Вынашивавшиеся ранее планы последующего пребывания в Греции – и тем самым восполнения одного культурно-исторического ареала другим, Иерусалима – Афинами, – реализовать не удалось. Посетив лишь Митилены, греческий порт в Эгейском море, Белый и А. Тургенева провели три дня (1–3 мая н. ст.) в Константинополе и оттуда отправились Черным морем в Россию.
Андрей Белый и Эллис о задачах «Мусагета»

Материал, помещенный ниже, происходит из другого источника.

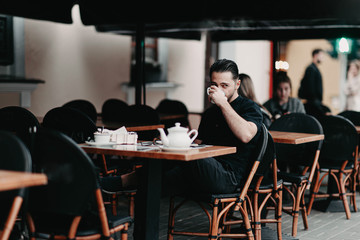 Stylish young brunette man sits in a cafe on the terrace and drinks coffee. Italian street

В общих чертах история московского издательства «Мусагет» и выпускавшегося им журнала «Труды и Дни» нашла свое отражение в ряде работ новейшего времени.[1261] С необходимой полнотой картину «мусагетской» деятельности можно будет воссоздать после введения в читательский и исследовательский оборот наиболее значимых документов, ее освещающих, и прежде всего после опубликования переписки Андрея Белого и Э. К. Метнера, двух главных организаторов и руководителей издательства, подготавливаемой ныне к печати в полном объеме. Имеются в архивных фондах и многие другие неопубликованные документы, существенно дополняющие и корректирующие ту совокупность сведений о «Мусагете», которая зафиксирована в печатных источниках. В их числе – программные декларации Андрея Белого и Эллиса, третьего инициатора «мусагетского» сообщества, предназначавшиеся, по всей вероятности, для помещения в журнале, который задумывался в самом начале организационной деятельности по созданию «Мусагета» (затем его издание было отложено), либо в рекламном каталоге готовившихся к печати и запланированных книг.